▶ [Problem details] Retype the listing below line for line, but only from the line with "Taupe king heated" down to the line with "Voiture électrique grise", inclusive. Pictures stay out.

▶ [Provided information]

******

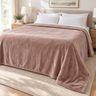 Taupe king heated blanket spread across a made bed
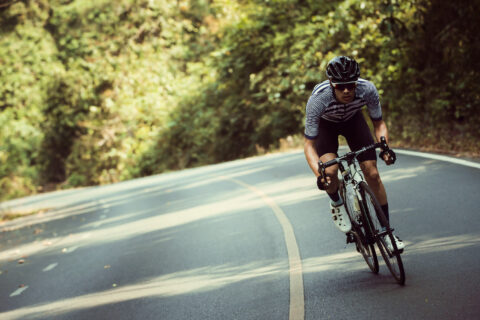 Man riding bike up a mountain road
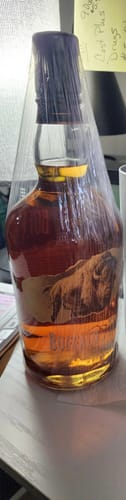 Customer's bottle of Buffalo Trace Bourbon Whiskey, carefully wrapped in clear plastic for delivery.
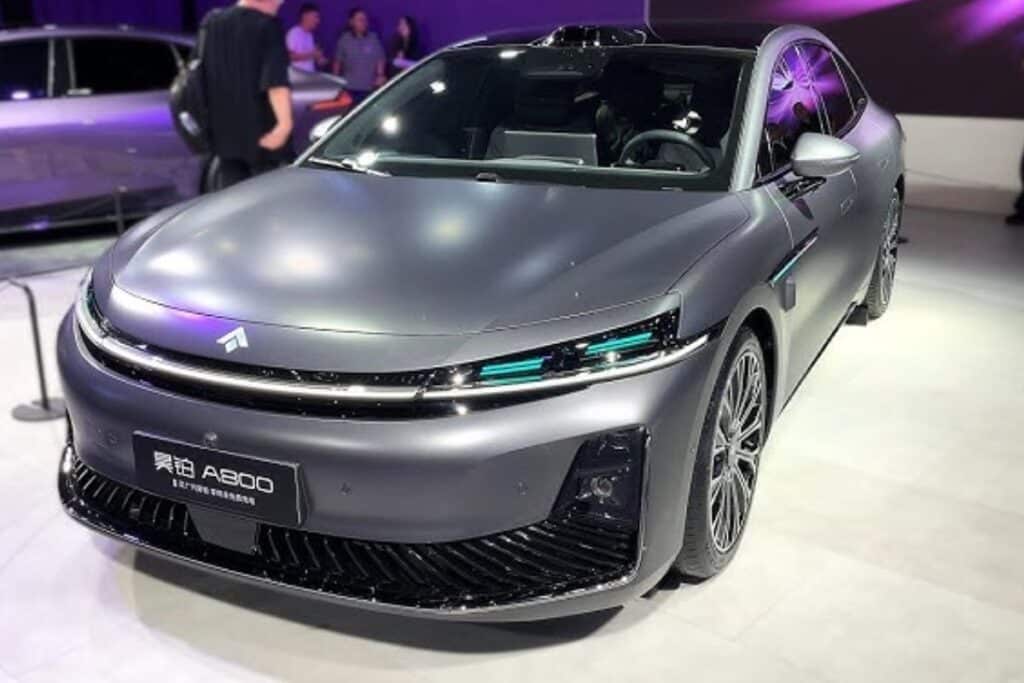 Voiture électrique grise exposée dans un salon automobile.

******

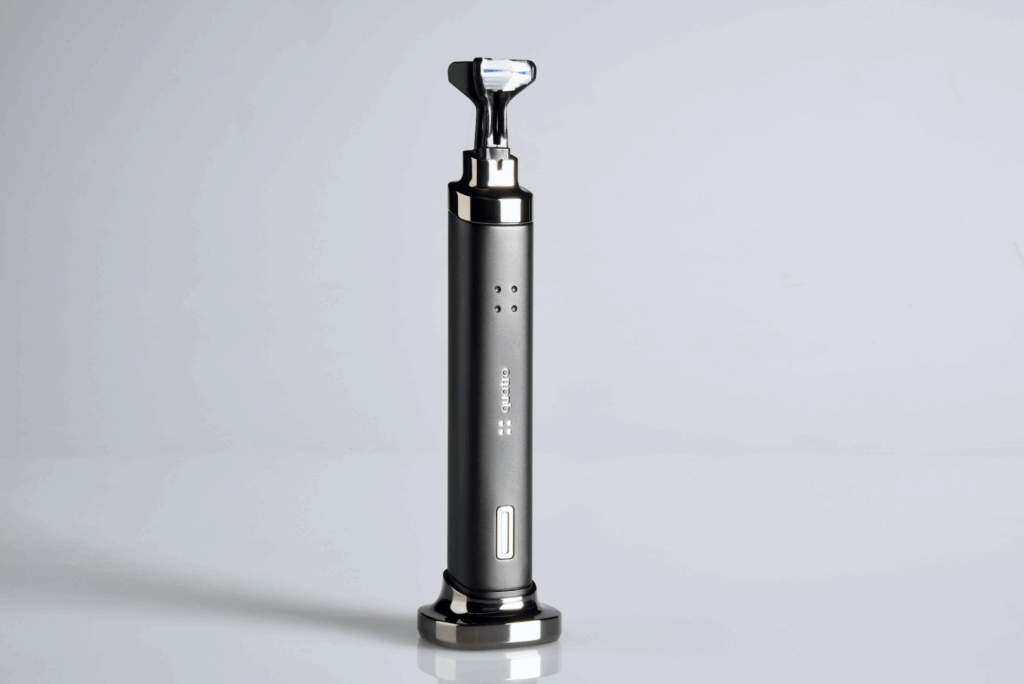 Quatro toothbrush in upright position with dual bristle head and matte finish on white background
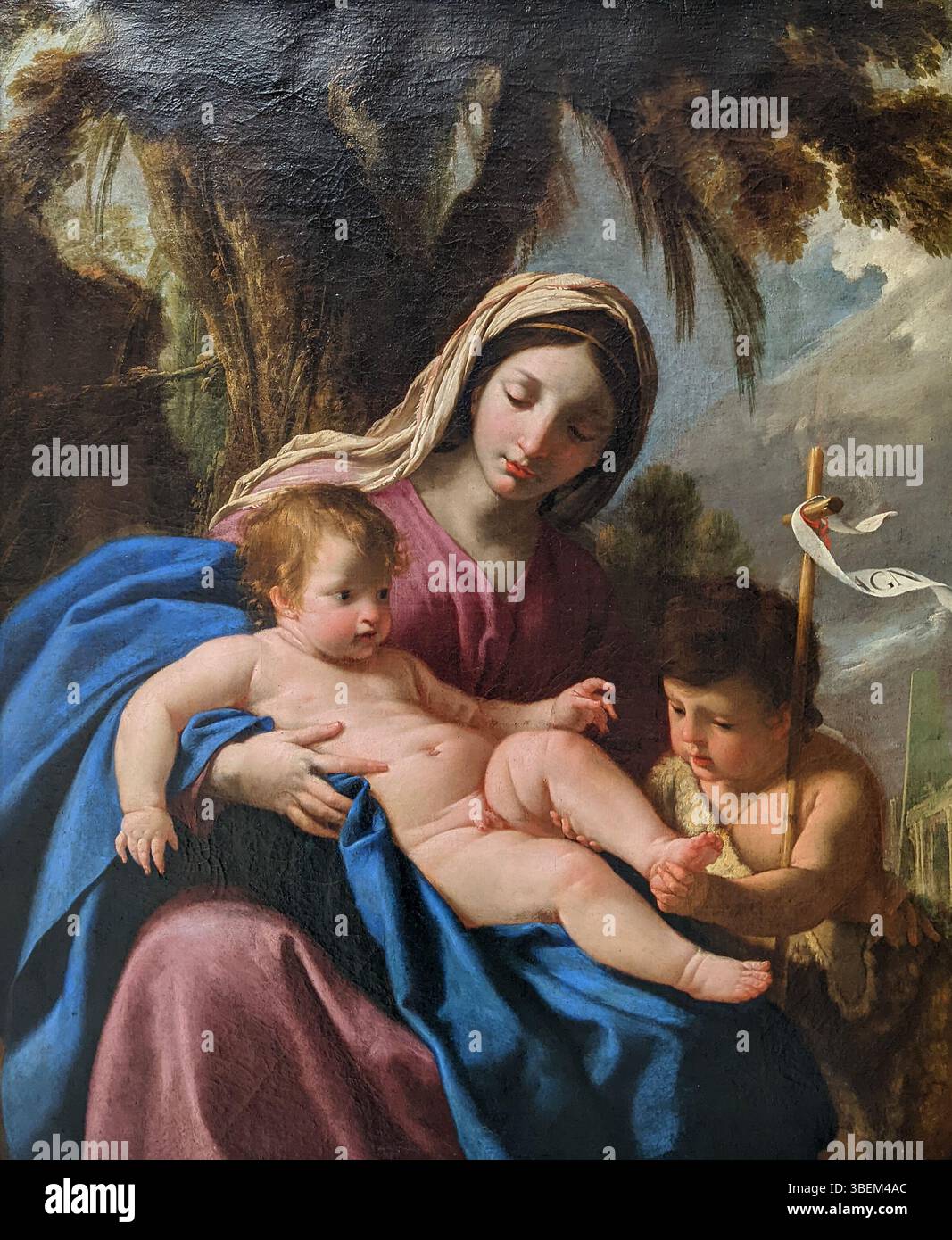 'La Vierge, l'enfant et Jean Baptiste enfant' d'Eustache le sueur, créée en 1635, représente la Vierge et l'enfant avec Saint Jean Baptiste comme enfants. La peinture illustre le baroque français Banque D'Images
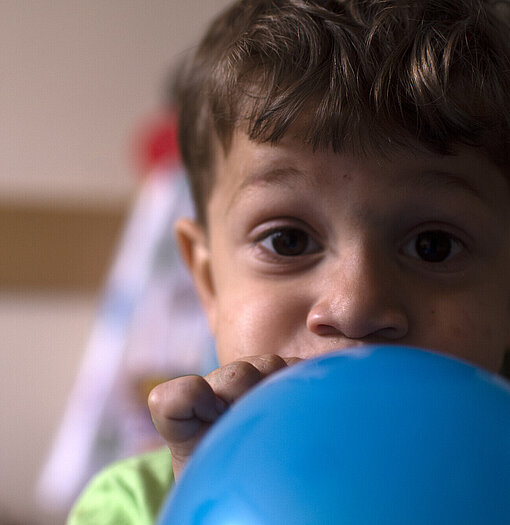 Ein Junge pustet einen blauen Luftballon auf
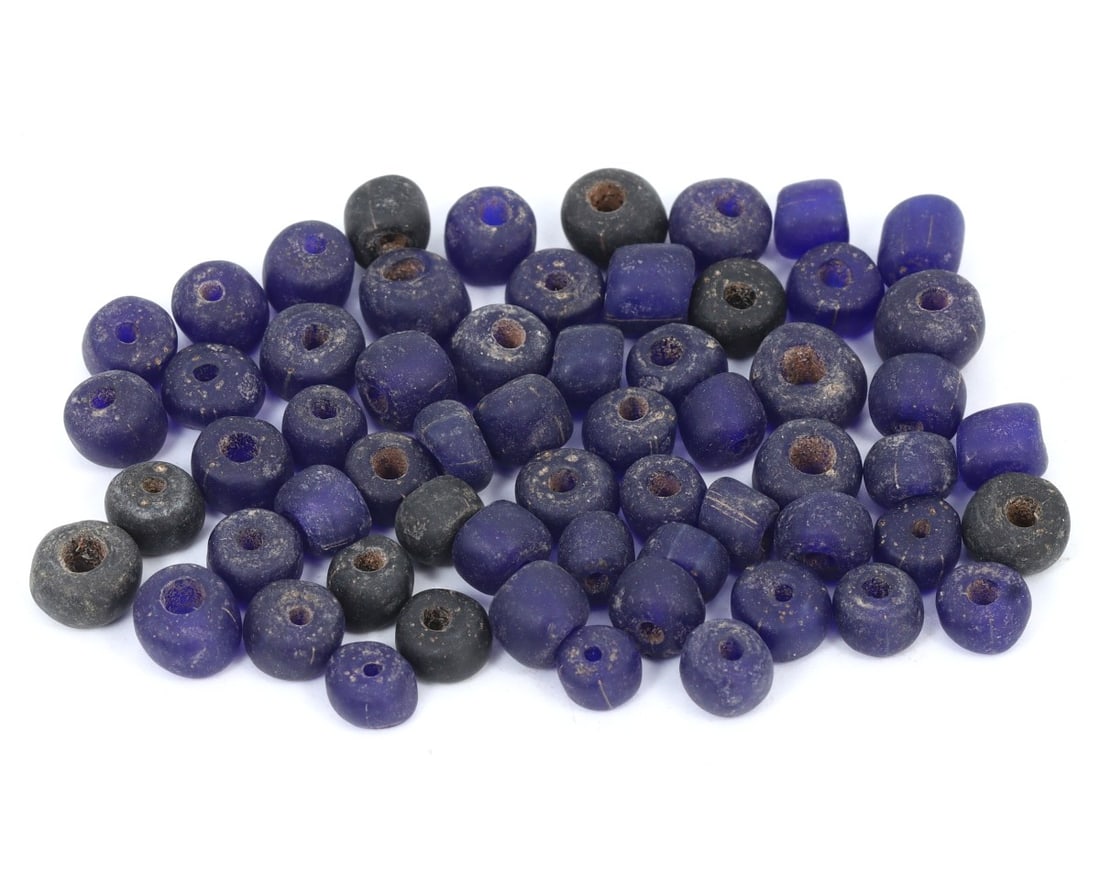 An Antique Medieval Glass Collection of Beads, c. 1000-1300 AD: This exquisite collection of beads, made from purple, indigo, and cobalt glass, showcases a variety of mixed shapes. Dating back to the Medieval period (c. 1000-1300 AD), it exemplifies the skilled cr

******

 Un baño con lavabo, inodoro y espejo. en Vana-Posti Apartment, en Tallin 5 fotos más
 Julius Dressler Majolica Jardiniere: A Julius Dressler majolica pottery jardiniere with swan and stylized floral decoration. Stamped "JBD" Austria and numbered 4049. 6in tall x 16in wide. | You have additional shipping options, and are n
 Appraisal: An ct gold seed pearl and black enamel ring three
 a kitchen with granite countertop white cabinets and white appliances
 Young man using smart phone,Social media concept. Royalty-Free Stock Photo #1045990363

******

▶ [Problem solution]
 Taupe king heated blanket spread across a made bed
 Man riding bike up a mountain road
 Customer's bottle of Buffalo Trace Bourbon Whiskey, carefully wrapped in clear plastic for delivery.
 Voiture électrique grise exposée dans un salon automobile.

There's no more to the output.